Legendäre Bühnenpräsenz
Die ganze Ausdruckspalette ist bereits da, mit Schwerpunkt auf dem Majestätischen und Dämonischen - obwohl Nicolai Ghiaurov eben nicht mit einer prallen (und dadurch zu Plumpheit neigenden) Donner-Stimme angetreten ist, wie man sie von bulgarischen und russischen Bassisten der Geschichte im Ohr hat.

Sein Instrument war wendiger, charakteristischer. Und alle die vielen, die dem Sänger noch heute innerlich die Treue halten, sagen: Sehen hat man ihn müssen, seine Haltung, seine Aura, die einen im Moment glauben ließ, er wäre die Figur - also genau das, worauf es auf der Bühne ankommt.

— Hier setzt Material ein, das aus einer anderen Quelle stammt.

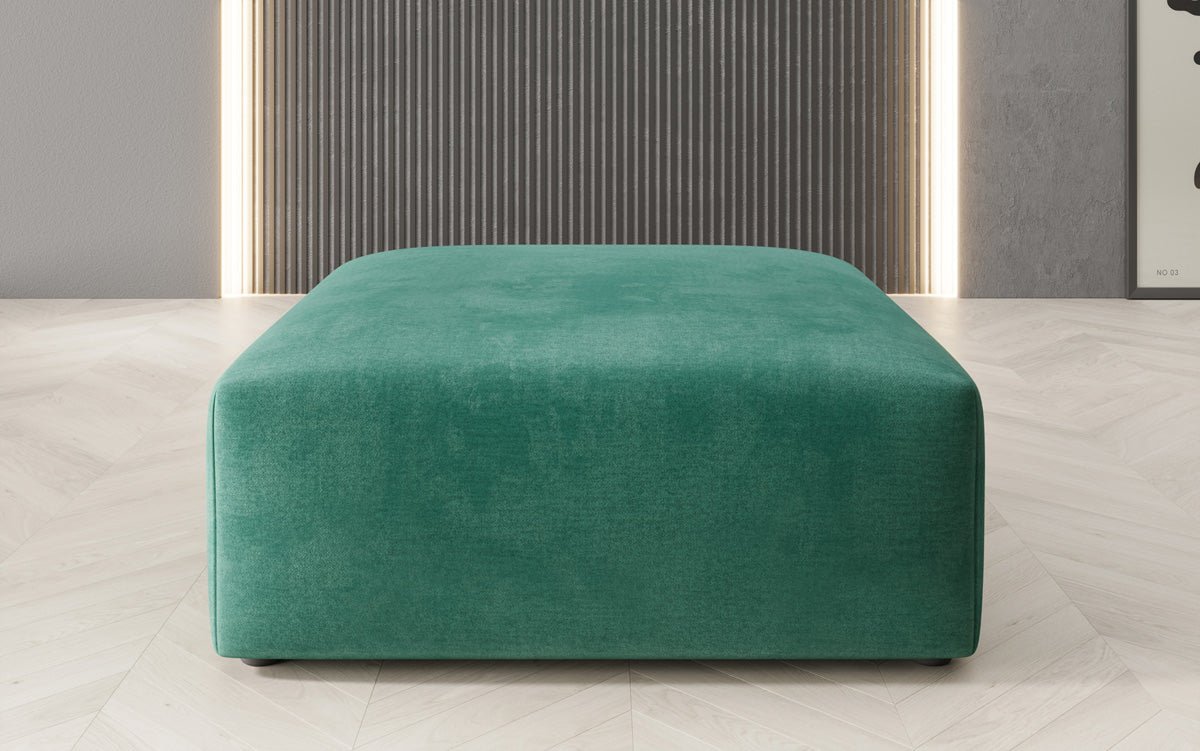 Eleganter Snug Samt Beistellhocker 80 cm – Komfortabler Moderner Design Pouf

Majestätisch, dämonisch, komödiantisch

Italien wurde seine Heimat, spätestens, seit er an der Seite von Mirella Freni lebte, und die Mailänder Scala so etwas wie sein Stamm-Haus für alle seine großen Rollen, ob in Verdis "Ernani" und "Nabucco", ob in Tschaikowskys "Eugen Onegin" oder Boitos "Mefistofele". Alan Blyth, der britische Stimmen-Kenner, berichtete einmal - erstaunt - von Ghiaurov, "dass er im Gegensatz zu der furchterregenden Persönlichkeit der Könige, Prinzen und Priester, die er auf der Bühne spielt, ein zurückhaltender, höflicher und toleranter Mann voller Witz und Charme ist, der seine Karriere und die angenehmen Seiten des Lebens zu genießen weiß".

Um diesen Witz auch auf der Bühne zu demonstrieren, hatte Nicolai Ghiaurov allerdings nur eine Rolle: den von ihm mit sinistrer Komödiantik ausgestatteten Basilio in Rossinis "Barbier von Sevilla", von dem er erst ganz zuletzt lassen wollte. Nicolai Ghiaurovs Stimme hat nicht erst nach 25, 30 Jahren, wie das manchen Fachkollegen vergönnt ist, begonnen, Zeichen des gelebten Lebens zu zeigen, sondern schon früher.

Nur: Bei ihm wirkte das nicht als Manko, sondern machte ihn noch mehr zum Charakter, in einer Zeit, in der sich rund um ihn die charakteristischen Stimmen mehr und mehr ausdünnten. Lange hat Nicolai Ghiaurov gesungen, doch nicht nur das Immergleiche: Vom Gurnemanz in "Parsifal" ließ ihn nur die Ehrfurcht vor der deutschen Sprache zurückschrecken, aber es kam dafür "Chowanschtschina", es kam sogar "Aus einem Totenhaus" von Janacek ... und immer wieder: Filippo, "Ella giammai m'amò!", atemberaubend.